Using the material below, work out how many lines contain "Avenue". Only the number is wanted.
--- --- ---
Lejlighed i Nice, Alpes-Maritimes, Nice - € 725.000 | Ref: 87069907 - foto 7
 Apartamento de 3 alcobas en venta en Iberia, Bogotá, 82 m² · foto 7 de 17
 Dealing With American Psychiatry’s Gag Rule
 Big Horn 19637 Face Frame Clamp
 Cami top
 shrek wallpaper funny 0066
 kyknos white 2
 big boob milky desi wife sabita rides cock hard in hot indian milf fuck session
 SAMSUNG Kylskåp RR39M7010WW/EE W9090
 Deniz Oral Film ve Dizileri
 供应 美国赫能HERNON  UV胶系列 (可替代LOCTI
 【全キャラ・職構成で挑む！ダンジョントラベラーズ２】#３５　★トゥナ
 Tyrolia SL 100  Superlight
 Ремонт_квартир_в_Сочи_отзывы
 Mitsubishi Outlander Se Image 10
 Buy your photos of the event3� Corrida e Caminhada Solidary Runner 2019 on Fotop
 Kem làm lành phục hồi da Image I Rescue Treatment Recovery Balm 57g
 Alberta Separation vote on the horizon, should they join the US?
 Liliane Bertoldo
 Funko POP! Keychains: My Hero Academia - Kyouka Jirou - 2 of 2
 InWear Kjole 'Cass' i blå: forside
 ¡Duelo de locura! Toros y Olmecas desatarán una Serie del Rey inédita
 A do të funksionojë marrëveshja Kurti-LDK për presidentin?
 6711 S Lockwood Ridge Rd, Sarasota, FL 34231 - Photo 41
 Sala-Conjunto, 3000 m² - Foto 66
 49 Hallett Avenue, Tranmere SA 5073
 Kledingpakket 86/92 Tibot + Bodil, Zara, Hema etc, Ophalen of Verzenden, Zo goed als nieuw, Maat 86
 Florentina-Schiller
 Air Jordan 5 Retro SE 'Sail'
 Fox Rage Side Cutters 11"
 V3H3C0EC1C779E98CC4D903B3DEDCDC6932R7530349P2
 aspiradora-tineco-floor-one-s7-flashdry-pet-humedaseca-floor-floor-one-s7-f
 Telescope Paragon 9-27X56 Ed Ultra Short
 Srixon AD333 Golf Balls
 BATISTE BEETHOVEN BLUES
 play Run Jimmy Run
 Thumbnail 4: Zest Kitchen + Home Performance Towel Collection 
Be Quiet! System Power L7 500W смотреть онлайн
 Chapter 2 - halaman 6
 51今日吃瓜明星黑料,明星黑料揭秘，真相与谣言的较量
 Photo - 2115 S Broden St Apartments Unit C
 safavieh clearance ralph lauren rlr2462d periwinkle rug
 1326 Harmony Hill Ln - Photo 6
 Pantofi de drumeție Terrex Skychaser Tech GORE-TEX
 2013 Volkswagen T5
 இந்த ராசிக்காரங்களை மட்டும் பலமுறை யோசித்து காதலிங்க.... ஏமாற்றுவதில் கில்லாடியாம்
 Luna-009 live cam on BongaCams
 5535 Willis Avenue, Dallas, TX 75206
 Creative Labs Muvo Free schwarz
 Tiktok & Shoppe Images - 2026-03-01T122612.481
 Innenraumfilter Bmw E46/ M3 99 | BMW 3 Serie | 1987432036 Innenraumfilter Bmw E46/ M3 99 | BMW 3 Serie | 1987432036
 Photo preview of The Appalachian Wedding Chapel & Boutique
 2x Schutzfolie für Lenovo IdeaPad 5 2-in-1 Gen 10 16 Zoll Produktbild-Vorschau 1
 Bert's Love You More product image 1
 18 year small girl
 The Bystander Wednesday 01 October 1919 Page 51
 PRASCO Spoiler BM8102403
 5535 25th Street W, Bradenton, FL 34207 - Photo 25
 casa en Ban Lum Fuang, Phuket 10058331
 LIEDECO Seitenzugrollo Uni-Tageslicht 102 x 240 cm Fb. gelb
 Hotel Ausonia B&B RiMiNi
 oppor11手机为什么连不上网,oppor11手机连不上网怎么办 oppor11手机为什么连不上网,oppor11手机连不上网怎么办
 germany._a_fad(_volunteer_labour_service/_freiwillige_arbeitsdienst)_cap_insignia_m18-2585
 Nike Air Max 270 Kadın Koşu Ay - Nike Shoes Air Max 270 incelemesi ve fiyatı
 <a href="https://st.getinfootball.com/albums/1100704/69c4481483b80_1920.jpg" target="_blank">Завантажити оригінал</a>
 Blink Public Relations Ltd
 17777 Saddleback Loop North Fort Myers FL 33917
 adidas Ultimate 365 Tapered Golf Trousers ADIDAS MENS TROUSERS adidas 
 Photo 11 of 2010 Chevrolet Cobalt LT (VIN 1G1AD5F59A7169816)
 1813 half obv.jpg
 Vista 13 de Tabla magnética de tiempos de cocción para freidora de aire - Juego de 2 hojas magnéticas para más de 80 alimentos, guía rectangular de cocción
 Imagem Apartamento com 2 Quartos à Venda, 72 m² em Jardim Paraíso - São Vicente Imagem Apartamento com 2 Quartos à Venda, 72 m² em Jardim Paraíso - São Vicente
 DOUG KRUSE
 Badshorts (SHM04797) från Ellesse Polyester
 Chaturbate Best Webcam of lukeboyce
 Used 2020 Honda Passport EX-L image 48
--- --- ---
_SOLVED EXERCISE_. 2